■ Work to complete:
Where a line of the listing below includes the word "Size", reproduce that line.

■ Data provided:
****************

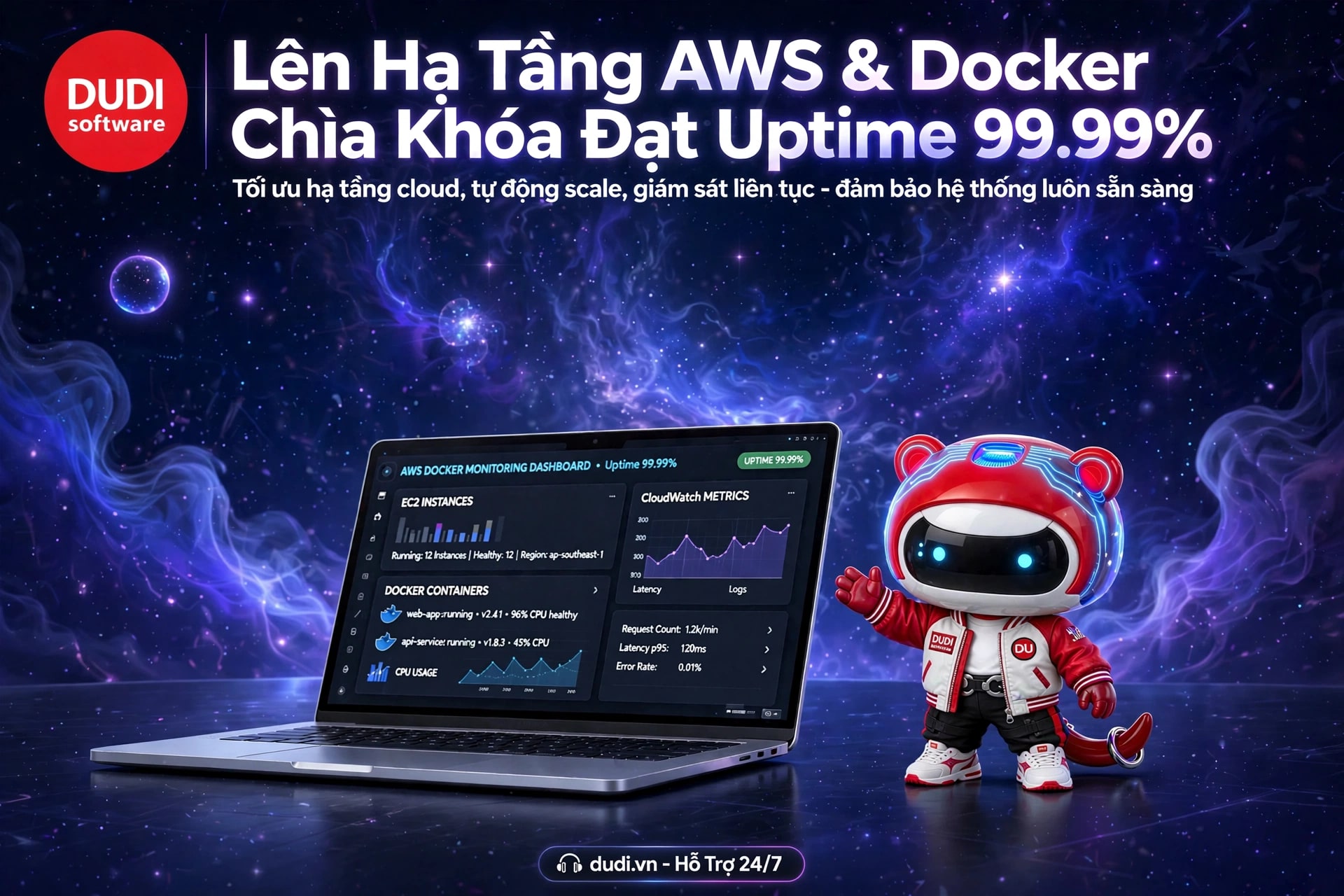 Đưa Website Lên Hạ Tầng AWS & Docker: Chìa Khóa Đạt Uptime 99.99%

****************

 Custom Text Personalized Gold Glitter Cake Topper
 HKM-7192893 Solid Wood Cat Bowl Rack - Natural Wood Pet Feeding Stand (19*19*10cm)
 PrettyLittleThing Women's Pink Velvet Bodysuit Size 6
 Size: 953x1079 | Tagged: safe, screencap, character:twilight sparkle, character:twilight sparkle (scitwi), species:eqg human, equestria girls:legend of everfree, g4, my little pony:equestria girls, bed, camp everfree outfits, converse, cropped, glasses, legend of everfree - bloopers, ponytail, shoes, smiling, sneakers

****************

■ Written reply:
 PrettyLittleThing Women's Pink Velvet Bodysuit Size 6
 Size: 953x1079 | Tagged: safe, screencap, character:twilight sparkle, character:twilight sparkle (scitwi), species:eqg human, equestria girls:legend of everfree, g4, my little pony:equestria girls, bed, camp everfree outfits, converse, cropped, glasses, legend of everfree - bloopers, ponytail, shoes, smiling, sneakers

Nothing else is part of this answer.